PostgreSQL – Rollback to Savepoint with Repeatable Read Isolation

postgresql

I want to use savepoints to do subtransactions that I can rollback and retry within a transaction.

I have the following scenario when using repeatable read isolation on PostgreSQL 11.

START TRANSACTION ISOLATION LEVEL REPEATABLE READ;
SAVEPOINT x;
SELECT * FROM customer WHERE id = 1;
-- Another transaction updates this record.
-- Difficult application logic goes here to determine values for UPDATE.
UPDATE customer SET ... WHERE id = 1;
-- This fails (as expected) with a serialization error.

-- Rollback and try again.
ROLLBACK TO SAVEPOINT x;
SELECT * FROM customer WHERE id = 1;
-- Difficult application logic goes here to determine values for UPDATE.
UPDATE customer SET ... WHERE id = 1;
-- This fails unexpectedly with a serialization error.

My understanding is that rolling back to a savepoint restores the transaction to the state it was in when the savepoint was created.

I expected that I could ROLLBACK TO SAVEPOINT x and retry the SELECT/application logic/UPDATE cycle. However the SELECT still returns the old data and I still get a serialization error even though the transaction had not seen the relevant record before the savepoint.
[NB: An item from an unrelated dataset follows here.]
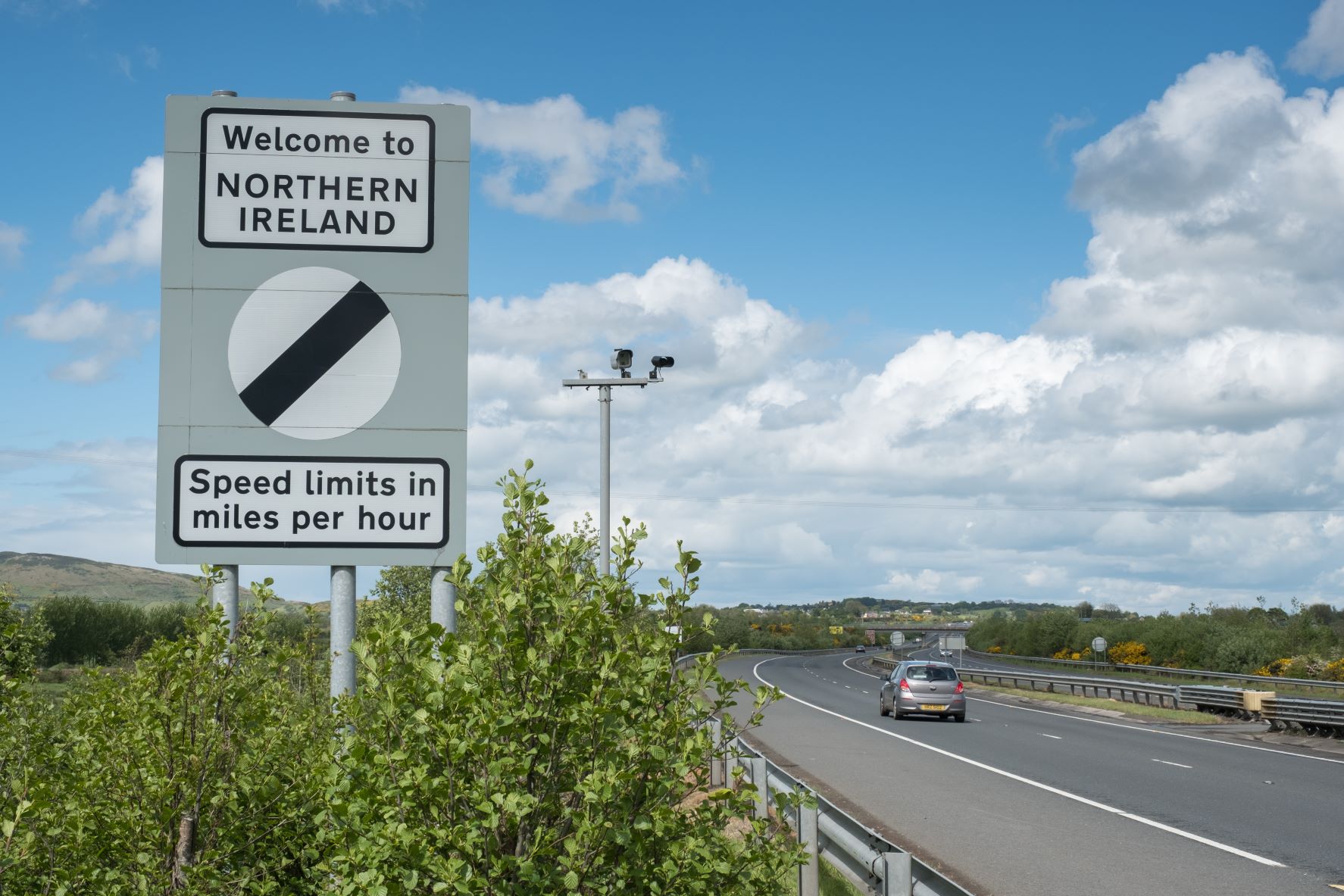 Ethnic reversal in Northern Ireland: While Stormont stalls, local politics is on the move | LSE British Politics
Of course, one could also argue that as we are still in the same transaction and we are using repeatable read isolation, the database should return the old data and thus fail the UPDATE with a serialization error.

I would like to know if this a feature or a bug? Is this behavior per the standard or is it PostgreSQL specific?

Best Answer

In PostgreSQL, a REPEATABLE READ transaction uses a fixed snapshot of the database.

So if a concurrent data modification caused a serialization error, then restoring to a savepoint and repeating the actions will always result in the same serialization error. You will still see the same state of the database, and if you update a row that has been modified after the snapshot was taken, that will still be the case.

You actually have to roll back and retry the whole transaction.

This is working as designed.

The SQL standard doesn't describe when exactly serialization errors should be thrown, because it does not deal with the implementation specifics of individual RDBMS. It says:

The execution of a <rollback statement> may be initiated implicitly by an SQL-implementation when it detects the inability to guarantee the serializability of two or more concurrent SQL-transactions. When this error occurs, an exception condition is raised: transaction rollback – serialization failure.

So a database is at liberty to throw a serialization error whenever it thinks fit.